As chronicled right here on this very blog, I never paid any attention to The Knife until people started going nuts over Fever Ray. In particular, the song "If I Had A Heart" wormed its way under my skin, its analog synth warbles smoothing out the razor edges of the vocal processing and undulating serenely over the pulsating bass drum. I know a lot of people find terror and sinister overtones in the song, largely I think because of the creepy shamanistic imagery incorporated into the video, but that is not what the song says to me. Instead, I get wistfulness, longing, and an overarching sense of remote warmth and immediate pain, almost like an overweight, awkward aunt who loves you very much and shows you by smothering your face in her bosom as she gives you painful, crushing hugs. The rest of the album, particularly on standout tracks "Dry and Dusty" and "Concrete Walls", follows a similar emotional template.

The almost Pavlovian "WANT" reaction Fever Ray gave me made me reassess the one Knife song I'd heard, which was "We Share Our Mother's Health". At the time, and again I believe my disconnect was caused by the accompanying video, I thought it was interesting-sounding but not particularly compelling. Listening to it again via Last FM after becoming a Fever Ray head transformed it into a delirious swirl of awesome; the pounding beats gave me the aggression I was missing from the Fever Ray material (even if I didn't know it at the time) and the overlapping vocals hit every music nerd "oh hey, the person who wrote this is totally into fugues and canons" button in my body. It was a quick decision to grab Silent Shout; my only regret is that I wasn't all over this album when it came out. Not only does it have "We Share Our Mother's Health" on it, but it also contains the claustrophobic title track, all-out boogie stomper "Like A Pen", the ethereal, dreamlike "The Captain", and possibly the greatest melody Karin has ever sung in the form of "Marble House", a sweeping, majestic march of sensuality that floors me every time I hear it. I have played this album upwards of 50 times this year and I have yet to get sick of it; it's one of my favorite albums of all time and I really thought it would encapsulate everything about The Knife that appeals to me.

This perception lasted up until I heard about "Tomorrow, in a year". This production, co-sponsored with Hotel Pro Forma, is billed as an electro-opera about Charles Darwin. As a semi-pro opera chorister obsessed with electronic music who seriously considered doing a double-major in computer science and music so that he could write software that would generate art songs in the form of club music, everything about this project is designed to make me go "SQUEEE!" and the Youtube clips I've tracked down have turned the soundtrack to this project into my most anticipated release of 2010. If I thought the budget for it could be raised, I'd suggest an Opera Boston/BMOP collaboration to bring it to the Boston area, but unfortunately I think the orchestration might be a dealbreaker. Still, I expect it to be incredible and, if it comes anywhere within 200 miles of me, I plan to go see it.

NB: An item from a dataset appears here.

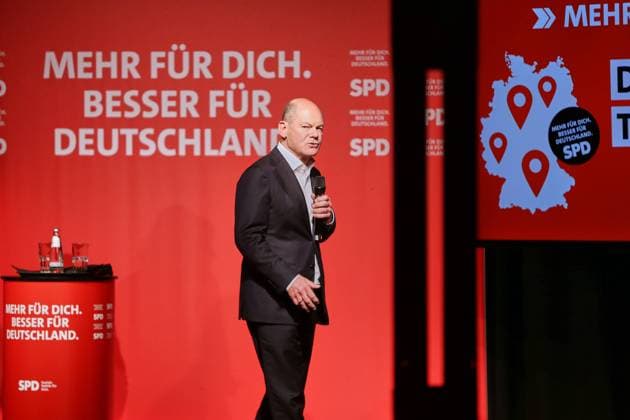 News Themen der Woche KW05 News Bilder des Tages Berlin, Deutschland, 28.01.2025: Festsaal Kreuzberg: Wahlkampfveranstaltung der SPD: Bundeskanzler Olaf Scholz (SPD) steht auf der Bühne und redet mit dem Publikum *** Berlin, Germany, 28 01 2025 Festsaal Kreuzberg SPD election campaign event Federal Chancellor Olaf Scholz SPD stands on stage and talks to the audience Copyright: xdtsxNachrichtenagenturx dts_56846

All of this is really lead-up to what I actually want to write about, though: Deep Cuts. I just got this album last week, mostly because a lot of the people I talk music with could not stop raving about the song "Heartbeats". Granted, this is the song that really made people start paying attention to The Knife in the first place but for some reason I wasn't paying attention when it exploded and, being familiar with The Knife's later work, it didn't strike me nearly as revelatory or amazing as its ardent supports proclaim it to be. The thing about it, though, is that it displays on its sleeve the romantic warmth that is the common thread through all of the Knife-related material. There is no obfuscation via costumes or vocal processing here; this song is a full-on nostalgia blast wrapped up in gorgeous synth patches and an easy rocking beat that can't help but make you smile. It is a full-on blast of joy to listen to; in today's market of regurgitated formula in practically every genre imaginable, it's startling to encounter something so naively fresh and charming. This sense of heart-on-sleeve abandonment permeates most of the songs on this album; no matter the mood, every song sounds like it not only BELIEVES whatever emotion it is selling, but also that no one else has ever felt that emotion as deeply or fully before. From the sinister assault of "Girls' Night Out" to the brightly manic "Listen Now" to the almost-literally breathless "You Take My Breath Away", the songs display artifice crafted so cunningly that you can't help but believe it. This makes the weird songs even weirder; aggro-freakout "The Cop" and the drug-addled sleaze of "Hangin' Out" seem like they have no place in the earnest company created by much of the rest of the album and the sparse chirpiness of "You Make Me Like Charity" initially comes across as a complete joke, but eventually even these worm their way under your skin and make you believe in them.

For those who can't be bothered with all of this and skipped to the bottom to see if I had a point, I do: The Knife cannot be fucked with. BOW DOWN.